Runtime errors occur AFTER successful compilation:

  • βœ… Code compiled successfully
  • βœ… Binary/library exists
  • ❌ Crashes/errors during execution

NOT runtime errors (different checklist):

  • Build failures β†’ Use checklist_build_failures.md
  • CMake configuration issues β†’ Use checklist_build_failures.md
  • Import errors (Python) β†’ May be build or environment issue

🎯 Quick Triage Flowchart

Start here to determine your path:

1. Can you reproduce the error?
   β”œβ”€ YES, 100% of the time β†’ Go to Section 3 (Versions)
   └─ NO, it's flaky/random β†’ Go to Section 2 (Flaky Errors)

2. Do you have a last known good build/commit?
   β”œβ”€ YES β†’ Go to Section 4 (Regression Analysis) FIRST
   └─ NO β†’ Continue to Section 3

3. Is this a recent issue or long-standing?
   β”œβ”€ Recent (last 2 weeks) β†’ Section 4 (Regression)
   └─ Long-standing β†’ Section 3 (Versions) then Section 5 (Debug)

4. Ready to file issue?
   β†’ Go to Section 7 (issue Requirements Summary)

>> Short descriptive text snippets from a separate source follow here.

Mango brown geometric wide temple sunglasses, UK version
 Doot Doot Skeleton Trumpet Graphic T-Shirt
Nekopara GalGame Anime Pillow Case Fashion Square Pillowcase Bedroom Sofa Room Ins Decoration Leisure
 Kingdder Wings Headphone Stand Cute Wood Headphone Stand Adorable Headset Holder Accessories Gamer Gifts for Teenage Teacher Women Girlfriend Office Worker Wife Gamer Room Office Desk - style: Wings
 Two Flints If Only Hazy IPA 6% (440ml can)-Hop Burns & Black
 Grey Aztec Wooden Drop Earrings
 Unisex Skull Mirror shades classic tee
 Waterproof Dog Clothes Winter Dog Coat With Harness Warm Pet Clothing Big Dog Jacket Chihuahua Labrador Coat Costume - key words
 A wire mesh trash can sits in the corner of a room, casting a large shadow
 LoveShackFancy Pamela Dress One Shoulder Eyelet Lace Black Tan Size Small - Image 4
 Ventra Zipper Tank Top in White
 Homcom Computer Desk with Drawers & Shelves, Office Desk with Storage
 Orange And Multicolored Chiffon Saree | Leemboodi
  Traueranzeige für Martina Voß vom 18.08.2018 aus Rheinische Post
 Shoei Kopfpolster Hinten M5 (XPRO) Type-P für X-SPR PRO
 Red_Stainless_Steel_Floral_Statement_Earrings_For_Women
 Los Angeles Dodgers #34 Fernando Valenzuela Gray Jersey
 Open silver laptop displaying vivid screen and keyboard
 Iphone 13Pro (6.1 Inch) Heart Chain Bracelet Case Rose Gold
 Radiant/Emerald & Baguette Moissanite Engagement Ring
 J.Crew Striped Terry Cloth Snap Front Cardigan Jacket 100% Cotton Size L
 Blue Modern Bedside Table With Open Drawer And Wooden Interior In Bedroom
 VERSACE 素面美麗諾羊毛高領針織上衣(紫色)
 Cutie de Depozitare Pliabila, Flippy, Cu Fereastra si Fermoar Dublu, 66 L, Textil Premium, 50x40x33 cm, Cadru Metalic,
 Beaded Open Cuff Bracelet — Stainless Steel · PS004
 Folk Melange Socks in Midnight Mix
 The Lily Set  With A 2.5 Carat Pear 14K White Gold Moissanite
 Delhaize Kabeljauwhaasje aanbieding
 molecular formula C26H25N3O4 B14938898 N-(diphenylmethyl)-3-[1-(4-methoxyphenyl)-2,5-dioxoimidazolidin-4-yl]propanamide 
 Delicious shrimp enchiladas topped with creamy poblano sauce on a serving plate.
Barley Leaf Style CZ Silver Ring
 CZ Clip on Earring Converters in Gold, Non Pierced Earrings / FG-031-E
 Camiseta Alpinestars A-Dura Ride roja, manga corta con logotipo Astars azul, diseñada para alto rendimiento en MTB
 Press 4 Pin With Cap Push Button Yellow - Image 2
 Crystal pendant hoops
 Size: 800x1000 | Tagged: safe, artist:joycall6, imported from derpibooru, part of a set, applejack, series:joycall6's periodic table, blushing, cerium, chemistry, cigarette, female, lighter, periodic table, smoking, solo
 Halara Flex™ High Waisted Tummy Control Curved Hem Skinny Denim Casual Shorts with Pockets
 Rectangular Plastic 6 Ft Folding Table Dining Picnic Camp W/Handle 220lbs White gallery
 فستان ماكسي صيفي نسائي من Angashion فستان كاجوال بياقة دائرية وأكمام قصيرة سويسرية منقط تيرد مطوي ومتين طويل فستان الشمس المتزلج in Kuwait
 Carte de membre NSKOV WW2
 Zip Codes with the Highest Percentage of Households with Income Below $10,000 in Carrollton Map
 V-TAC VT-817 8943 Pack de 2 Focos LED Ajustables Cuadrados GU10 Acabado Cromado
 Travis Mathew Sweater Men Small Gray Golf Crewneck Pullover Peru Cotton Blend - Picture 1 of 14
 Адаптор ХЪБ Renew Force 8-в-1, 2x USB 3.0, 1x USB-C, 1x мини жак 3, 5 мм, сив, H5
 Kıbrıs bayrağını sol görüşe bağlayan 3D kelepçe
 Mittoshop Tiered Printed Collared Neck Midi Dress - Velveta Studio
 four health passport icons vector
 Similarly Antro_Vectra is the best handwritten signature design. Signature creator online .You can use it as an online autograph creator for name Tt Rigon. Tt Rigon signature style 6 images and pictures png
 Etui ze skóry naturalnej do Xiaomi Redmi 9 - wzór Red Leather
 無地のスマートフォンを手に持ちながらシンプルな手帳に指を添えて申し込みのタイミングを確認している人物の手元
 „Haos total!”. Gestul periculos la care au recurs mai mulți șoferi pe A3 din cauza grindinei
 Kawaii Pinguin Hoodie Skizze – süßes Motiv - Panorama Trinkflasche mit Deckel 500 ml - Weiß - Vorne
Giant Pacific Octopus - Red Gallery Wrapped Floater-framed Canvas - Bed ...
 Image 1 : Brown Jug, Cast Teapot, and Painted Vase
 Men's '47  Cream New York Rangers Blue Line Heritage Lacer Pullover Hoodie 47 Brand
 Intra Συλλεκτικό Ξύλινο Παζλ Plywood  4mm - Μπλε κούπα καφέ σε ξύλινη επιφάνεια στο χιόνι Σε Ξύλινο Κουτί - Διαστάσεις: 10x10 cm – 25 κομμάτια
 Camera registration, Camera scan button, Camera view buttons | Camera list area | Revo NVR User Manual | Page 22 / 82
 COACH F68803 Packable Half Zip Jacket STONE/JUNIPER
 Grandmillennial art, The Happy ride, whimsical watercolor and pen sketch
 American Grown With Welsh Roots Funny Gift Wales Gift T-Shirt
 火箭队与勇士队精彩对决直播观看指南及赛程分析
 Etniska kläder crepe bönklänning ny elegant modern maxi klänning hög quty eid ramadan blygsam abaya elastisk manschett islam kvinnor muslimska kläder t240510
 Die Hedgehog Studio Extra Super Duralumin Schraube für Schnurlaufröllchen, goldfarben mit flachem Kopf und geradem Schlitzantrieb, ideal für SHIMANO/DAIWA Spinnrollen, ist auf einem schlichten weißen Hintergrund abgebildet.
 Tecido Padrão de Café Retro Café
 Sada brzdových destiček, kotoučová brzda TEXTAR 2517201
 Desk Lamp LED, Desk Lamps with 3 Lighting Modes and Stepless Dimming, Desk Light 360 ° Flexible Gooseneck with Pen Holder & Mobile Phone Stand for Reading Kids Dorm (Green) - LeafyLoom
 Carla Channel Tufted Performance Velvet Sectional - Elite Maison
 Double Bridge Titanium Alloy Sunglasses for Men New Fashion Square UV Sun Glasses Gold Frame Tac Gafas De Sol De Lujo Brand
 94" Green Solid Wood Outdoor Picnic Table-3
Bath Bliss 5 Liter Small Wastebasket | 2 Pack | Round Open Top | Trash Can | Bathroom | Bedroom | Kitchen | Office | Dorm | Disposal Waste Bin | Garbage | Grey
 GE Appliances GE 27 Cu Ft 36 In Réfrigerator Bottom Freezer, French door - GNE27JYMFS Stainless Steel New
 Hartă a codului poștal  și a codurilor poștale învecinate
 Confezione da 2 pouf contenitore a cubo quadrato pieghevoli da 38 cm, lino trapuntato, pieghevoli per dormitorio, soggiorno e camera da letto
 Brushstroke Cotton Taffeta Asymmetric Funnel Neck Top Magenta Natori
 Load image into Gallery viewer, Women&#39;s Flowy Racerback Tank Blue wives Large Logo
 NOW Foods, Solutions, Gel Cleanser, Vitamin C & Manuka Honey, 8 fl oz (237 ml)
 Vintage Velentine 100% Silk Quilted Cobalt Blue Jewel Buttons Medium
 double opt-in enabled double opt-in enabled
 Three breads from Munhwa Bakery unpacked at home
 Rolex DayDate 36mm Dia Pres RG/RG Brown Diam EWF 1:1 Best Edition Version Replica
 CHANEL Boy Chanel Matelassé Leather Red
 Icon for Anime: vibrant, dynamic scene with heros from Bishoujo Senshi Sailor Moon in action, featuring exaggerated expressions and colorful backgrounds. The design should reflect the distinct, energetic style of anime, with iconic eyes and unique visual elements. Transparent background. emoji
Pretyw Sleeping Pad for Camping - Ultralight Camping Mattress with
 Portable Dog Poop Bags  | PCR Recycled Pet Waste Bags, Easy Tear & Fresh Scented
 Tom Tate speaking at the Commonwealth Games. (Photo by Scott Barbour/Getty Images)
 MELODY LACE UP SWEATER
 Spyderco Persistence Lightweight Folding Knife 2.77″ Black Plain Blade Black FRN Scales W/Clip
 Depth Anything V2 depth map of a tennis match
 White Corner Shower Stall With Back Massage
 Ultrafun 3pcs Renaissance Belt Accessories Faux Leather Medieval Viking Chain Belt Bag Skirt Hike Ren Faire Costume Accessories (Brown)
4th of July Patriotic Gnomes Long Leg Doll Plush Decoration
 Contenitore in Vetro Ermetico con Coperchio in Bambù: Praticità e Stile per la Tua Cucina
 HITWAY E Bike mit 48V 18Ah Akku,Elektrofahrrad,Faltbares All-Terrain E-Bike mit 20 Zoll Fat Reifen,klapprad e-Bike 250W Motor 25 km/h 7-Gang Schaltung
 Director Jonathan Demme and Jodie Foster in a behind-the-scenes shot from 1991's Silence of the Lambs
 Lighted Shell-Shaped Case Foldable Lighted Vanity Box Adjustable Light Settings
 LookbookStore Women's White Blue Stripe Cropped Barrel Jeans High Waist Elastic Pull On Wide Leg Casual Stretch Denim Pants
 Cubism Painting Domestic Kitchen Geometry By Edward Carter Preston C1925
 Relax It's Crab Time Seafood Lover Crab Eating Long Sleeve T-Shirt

πŸ“‹ Section 1: Error Type Classification

  • Segmentation Fault (SIGSEGV)

    Example: "Segmentation fault (core dumped)"
    Example: "Fatal Python error: Segmentation fault"
    
  • GPU Kernel Error

    Example: "hipErrorLaunchFailure: Unspecified launch failure"
    Example: "HSA_STATUS_ERROR_MEMORY_FAULT"
    
  • Assertion Failure

    Example: "Assertion `x != nullptr' failed"
    
  • Memory Error

    Example: "Out of memory"
    Example: "hipErrorMemoryAllocation"
    
  • Numeric/Accuracy Error

    Example: "NaN detected in output"
    

Full stack trace: (required)

Key information:

  • Component: _________________ (hipblasLt, Tensile, rocBLAS, etc.)
  • Function: _________________
  • Kernel name (if GPU): _________________

Common stack trace patterns:

Pattern Likely Cause Route To
hipblasLtMatmulAlgoGetHeuristic Kernel selection issue Math team
TensileHost::solutionSelection Tensile library issue Math team
rcclAllReduce Communication layer RCCL team
hipMalloc / hipMemcpy Memory allocation ROCm Runtime

πŸ“‹ Section 2: Flaky/Intermittent Errors (If Applicable)

2.1 Reproducibility Assessment

If error is NOT 100% reproducible:

Reproduction rate: _____%

Test at least 20 times to establish baseline:

#!/bin/bash
TOTAL=20
FAILED=0
for i in $(seq 1 $TOTAL); do
  ./run_test.sh > run_$i.log 2>&1 || ((FAILED++))
done
echo "Failure rate: $((FAILED * 100 / TOTAL))%"

Minimum to file issue:

  • Failure rate >10% (if <10%, too unreliable to debug)
  • At least 3 failure logs captured
  • At least 3 success logs captured (for comparison)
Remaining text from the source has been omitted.